• DATA LISTING:
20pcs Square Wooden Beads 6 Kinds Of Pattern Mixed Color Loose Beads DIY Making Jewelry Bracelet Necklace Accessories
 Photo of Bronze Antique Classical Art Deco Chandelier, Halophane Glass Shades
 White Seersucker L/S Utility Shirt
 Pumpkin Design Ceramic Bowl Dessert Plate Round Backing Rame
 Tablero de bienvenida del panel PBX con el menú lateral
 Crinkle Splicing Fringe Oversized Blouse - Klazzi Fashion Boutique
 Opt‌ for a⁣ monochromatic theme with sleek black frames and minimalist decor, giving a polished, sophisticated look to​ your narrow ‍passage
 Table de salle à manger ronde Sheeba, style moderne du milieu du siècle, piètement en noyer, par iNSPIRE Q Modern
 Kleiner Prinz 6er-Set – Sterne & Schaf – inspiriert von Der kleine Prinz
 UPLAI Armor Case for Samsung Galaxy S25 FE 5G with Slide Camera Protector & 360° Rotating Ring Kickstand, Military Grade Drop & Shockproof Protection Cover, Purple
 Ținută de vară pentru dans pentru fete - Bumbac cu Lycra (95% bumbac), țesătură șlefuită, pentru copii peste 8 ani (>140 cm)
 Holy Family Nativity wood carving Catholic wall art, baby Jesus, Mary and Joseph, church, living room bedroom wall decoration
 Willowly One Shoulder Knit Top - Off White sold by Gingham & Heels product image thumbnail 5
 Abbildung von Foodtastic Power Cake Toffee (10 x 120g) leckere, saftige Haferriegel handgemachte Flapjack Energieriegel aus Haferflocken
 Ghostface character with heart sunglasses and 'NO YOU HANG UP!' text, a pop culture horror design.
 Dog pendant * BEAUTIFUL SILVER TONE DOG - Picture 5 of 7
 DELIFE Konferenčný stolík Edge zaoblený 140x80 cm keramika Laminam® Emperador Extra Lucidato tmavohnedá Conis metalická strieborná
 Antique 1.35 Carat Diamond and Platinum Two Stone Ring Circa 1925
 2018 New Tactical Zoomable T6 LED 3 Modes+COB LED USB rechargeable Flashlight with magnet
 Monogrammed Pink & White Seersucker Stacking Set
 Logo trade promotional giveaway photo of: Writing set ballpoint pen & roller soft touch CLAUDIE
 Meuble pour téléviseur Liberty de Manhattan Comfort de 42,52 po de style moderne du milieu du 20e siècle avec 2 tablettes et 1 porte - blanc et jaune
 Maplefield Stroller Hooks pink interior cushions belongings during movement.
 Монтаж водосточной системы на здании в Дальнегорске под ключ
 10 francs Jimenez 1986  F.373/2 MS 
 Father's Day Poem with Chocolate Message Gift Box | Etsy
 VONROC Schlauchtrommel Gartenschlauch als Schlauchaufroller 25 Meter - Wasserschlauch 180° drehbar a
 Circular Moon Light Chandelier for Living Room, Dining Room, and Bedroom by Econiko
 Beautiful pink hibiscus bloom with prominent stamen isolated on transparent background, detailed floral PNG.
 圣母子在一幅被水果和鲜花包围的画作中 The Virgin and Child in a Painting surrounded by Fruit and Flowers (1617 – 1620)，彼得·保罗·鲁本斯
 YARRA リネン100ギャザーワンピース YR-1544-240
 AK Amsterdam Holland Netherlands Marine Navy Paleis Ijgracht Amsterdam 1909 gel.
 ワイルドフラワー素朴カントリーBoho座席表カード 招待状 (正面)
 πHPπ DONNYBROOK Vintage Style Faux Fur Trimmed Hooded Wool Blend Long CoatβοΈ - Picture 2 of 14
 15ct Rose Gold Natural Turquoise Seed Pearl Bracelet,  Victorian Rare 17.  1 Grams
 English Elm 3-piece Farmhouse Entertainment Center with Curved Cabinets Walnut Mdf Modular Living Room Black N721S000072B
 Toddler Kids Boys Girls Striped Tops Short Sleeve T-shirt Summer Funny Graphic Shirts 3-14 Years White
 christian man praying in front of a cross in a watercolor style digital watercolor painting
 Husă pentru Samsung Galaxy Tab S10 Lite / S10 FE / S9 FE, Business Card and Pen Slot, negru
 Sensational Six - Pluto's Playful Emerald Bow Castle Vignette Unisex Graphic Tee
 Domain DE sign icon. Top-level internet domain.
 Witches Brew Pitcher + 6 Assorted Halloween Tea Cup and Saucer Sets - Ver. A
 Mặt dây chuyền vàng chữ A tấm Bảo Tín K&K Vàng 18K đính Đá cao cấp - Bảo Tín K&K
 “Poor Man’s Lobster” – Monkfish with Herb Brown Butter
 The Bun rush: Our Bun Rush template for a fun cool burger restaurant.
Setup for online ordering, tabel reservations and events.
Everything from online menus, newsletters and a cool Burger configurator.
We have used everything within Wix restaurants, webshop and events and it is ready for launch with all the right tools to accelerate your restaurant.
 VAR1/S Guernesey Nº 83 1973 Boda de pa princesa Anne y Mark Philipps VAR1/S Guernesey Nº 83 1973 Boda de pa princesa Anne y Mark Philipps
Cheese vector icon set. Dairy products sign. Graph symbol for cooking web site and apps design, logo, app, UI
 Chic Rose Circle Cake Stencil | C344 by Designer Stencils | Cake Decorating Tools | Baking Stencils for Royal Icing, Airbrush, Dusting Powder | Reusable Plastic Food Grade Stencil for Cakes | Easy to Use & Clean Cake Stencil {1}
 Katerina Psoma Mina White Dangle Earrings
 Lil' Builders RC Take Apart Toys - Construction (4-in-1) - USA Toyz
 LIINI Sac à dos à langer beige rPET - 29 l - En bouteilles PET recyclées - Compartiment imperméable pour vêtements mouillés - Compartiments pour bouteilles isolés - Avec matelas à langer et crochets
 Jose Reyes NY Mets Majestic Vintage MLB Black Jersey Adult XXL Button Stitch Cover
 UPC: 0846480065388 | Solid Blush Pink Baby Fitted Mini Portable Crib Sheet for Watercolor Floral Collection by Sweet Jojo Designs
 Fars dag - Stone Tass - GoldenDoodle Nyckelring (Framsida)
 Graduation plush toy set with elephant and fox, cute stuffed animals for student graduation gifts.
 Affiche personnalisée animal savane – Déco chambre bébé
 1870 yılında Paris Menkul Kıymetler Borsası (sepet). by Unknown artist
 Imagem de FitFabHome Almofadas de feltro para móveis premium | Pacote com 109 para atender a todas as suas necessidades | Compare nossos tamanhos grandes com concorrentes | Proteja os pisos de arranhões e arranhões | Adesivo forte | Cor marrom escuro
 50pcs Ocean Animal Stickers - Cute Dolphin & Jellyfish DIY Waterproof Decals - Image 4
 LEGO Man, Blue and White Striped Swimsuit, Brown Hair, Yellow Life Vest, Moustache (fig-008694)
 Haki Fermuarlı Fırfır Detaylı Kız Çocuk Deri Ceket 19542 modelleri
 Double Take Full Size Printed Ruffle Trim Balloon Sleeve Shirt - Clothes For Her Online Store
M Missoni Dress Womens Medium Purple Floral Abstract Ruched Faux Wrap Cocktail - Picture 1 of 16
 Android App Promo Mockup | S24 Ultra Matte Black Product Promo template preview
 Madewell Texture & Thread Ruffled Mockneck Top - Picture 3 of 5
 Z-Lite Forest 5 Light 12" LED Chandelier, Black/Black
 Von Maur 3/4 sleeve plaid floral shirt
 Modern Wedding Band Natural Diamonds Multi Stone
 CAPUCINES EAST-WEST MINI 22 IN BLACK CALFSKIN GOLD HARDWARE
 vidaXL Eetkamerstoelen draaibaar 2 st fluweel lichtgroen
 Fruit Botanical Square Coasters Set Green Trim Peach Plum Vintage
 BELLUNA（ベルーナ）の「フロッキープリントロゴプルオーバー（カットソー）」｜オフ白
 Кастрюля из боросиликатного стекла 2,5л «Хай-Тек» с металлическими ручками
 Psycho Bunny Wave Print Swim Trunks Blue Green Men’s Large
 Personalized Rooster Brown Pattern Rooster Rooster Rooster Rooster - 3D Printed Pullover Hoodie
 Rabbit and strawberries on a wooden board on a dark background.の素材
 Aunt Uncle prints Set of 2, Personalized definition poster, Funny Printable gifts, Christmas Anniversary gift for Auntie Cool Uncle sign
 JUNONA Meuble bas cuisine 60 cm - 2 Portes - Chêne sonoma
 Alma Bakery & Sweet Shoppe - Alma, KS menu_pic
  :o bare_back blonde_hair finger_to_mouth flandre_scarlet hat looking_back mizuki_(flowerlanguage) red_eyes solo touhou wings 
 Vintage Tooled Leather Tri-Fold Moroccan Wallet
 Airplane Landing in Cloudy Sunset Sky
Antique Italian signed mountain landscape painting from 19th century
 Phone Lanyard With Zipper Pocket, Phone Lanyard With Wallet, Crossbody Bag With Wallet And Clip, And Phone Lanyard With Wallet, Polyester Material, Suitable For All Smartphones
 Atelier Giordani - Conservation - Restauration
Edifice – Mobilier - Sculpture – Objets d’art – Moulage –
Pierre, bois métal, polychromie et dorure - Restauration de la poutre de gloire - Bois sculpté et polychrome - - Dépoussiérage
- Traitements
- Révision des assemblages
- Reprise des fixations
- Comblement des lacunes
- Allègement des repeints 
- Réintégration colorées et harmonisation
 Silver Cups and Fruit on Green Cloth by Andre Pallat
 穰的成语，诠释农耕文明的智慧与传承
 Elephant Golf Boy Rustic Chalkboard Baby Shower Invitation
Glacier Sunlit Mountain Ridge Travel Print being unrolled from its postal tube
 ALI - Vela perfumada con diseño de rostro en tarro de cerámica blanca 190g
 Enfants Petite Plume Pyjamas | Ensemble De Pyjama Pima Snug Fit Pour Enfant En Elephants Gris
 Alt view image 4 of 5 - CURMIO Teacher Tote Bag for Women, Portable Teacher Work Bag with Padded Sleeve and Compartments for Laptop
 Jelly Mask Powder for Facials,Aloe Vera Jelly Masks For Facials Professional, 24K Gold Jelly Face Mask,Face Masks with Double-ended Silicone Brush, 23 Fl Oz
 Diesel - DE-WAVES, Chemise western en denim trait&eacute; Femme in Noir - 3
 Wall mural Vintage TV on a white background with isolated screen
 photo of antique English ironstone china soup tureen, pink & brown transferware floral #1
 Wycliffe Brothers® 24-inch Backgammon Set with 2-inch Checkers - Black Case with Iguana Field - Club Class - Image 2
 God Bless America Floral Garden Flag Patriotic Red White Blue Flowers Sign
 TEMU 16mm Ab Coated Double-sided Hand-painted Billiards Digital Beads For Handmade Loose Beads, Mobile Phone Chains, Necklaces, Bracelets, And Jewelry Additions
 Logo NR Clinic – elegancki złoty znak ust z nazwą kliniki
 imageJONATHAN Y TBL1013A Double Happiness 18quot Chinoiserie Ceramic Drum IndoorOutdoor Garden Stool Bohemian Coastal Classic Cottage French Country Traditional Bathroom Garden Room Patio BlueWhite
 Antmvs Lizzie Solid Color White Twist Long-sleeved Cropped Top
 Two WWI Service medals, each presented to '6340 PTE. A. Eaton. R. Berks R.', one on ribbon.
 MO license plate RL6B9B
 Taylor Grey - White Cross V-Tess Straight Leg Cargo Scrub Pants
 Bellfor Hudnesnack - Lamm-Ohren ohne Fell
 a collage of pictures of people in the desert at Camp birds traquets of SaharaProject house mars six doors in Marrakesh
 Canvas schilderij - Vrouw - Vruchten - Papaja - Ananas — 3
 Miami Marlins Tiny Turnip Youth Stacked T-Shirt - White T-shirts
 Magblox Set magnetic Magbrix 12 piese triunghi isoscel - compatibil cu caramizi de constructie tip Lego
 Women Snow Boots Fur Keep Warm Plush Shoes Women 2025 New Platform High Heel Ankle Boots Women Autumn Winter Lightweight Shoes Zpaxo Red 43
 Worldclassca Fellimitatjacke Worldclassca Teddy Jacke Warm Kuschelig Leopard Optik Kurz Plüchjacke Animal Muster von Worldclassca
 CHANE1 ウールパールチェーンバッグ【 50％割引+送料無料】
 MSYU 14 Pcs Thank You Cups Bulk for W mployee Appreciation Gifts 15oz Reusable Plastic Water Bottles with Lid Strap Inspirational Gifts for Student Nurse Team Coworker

• PROBLEM STATEMENT:
The required answer is each line of the data in which the word "Pattern" appears.

• ANSWER AREA:
20pcs Square Wooden Beads 6 Kinds Of Pattern Mixed Color Loose Beads DIY Making Jewelry Bracelet Necklace Accessories
 Personalized Rooster Brown Pattern Rooster Rooster Rooster Rooster - 3D Printed Pullover Hoodie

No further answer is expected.